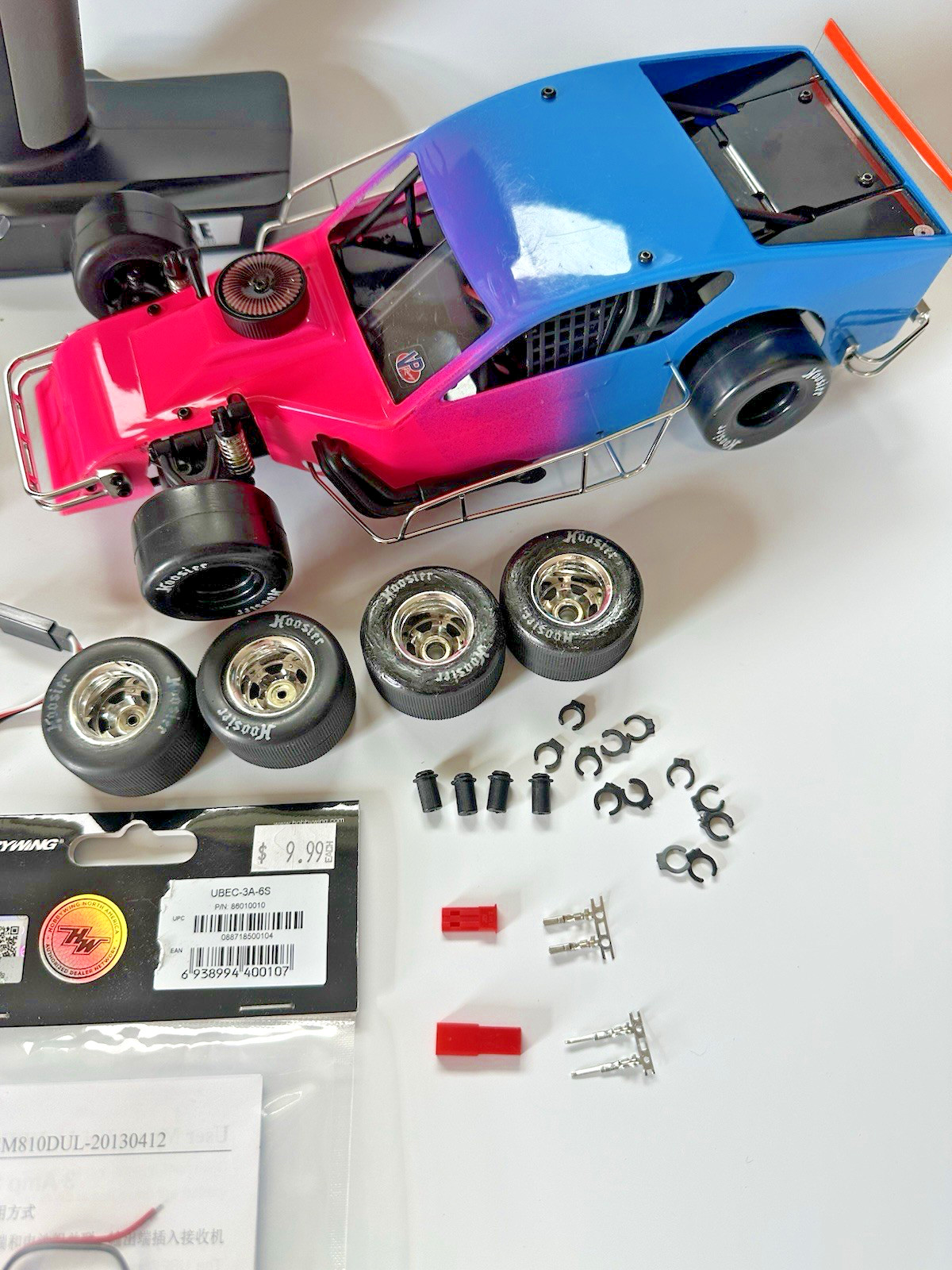 1RC Racing Asphalt Modified 2.0 1/18 Brushless EXTRAS!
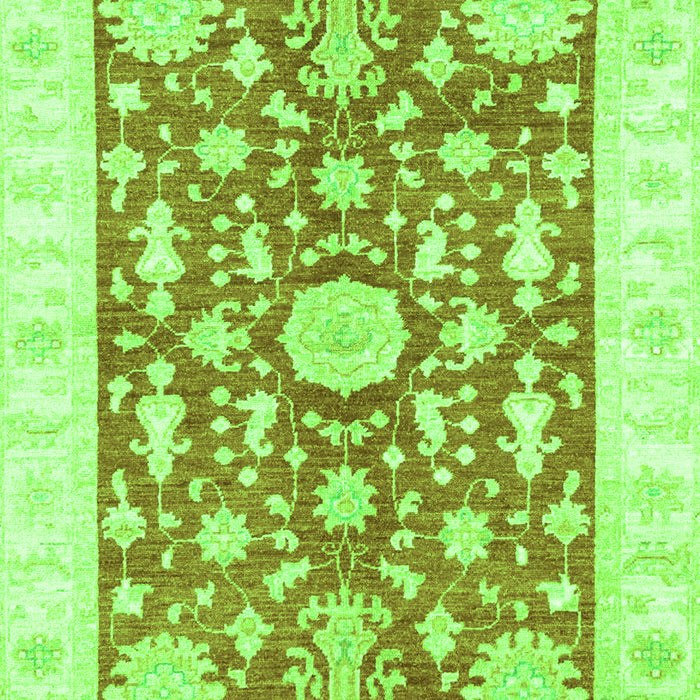 Oriental Green Traditional Rug, abs3713grn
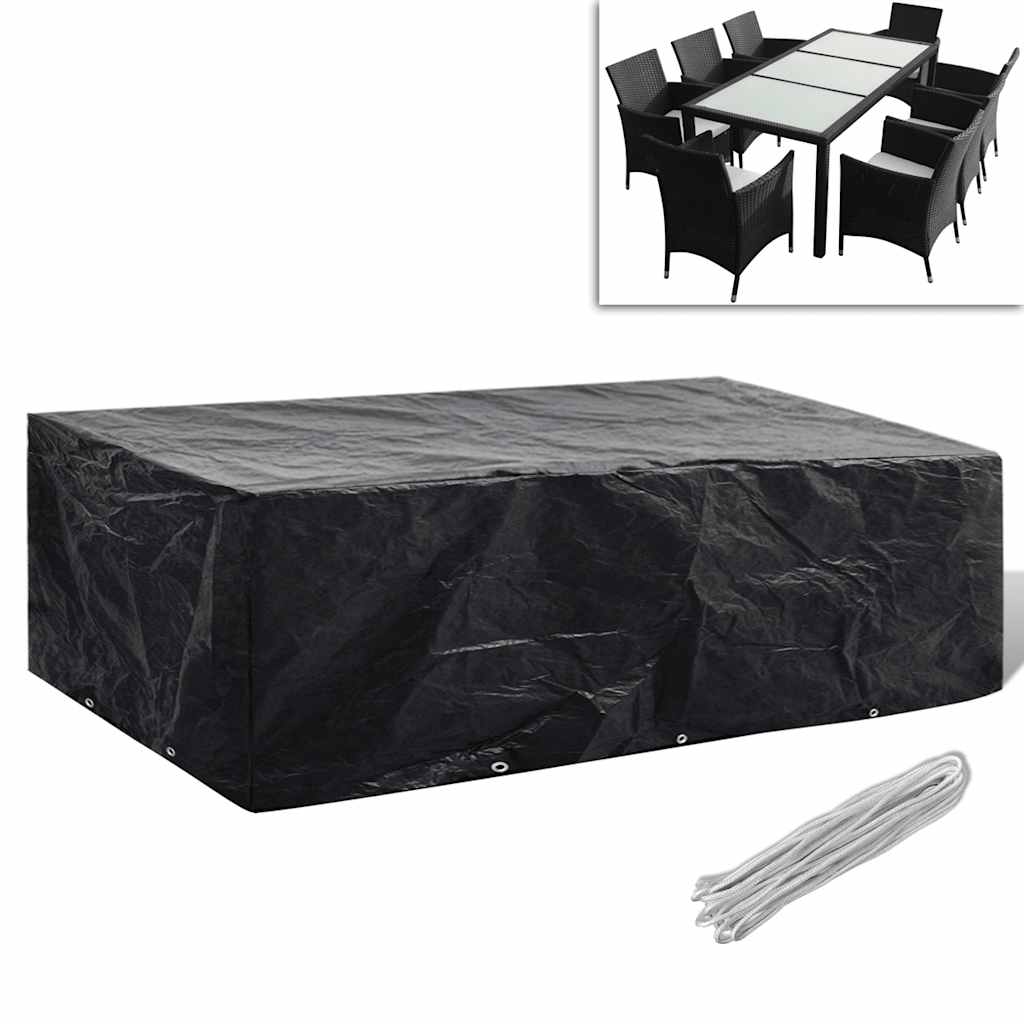 havemøbelovertræk 8 snørehuller 300x140x90 cm billede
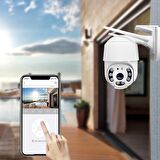 2.0 Mp Hd Lens İç Dış Mekan Suya Danıklı Ip Wifi Network Güvenlik Kamerası Wifi Kamera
........
» TASK ITEM
Images are to be skipped, and each line above is to be returned exactly.

» COMPLETED TASK
 1RC Racing Asphalt Modified 2.0 1/18 Brushless EXTRAS!
 Oriental Green Traditional Rug, abs3713grn
 havemøbelovertræk 8 snørehuller 300x140x90 cm billede
 2.0 Mp Hd Lens İç Dış Mekan Suya Danıklı Ip Wifi Network Güvenlik Kamerası Wifi Kamera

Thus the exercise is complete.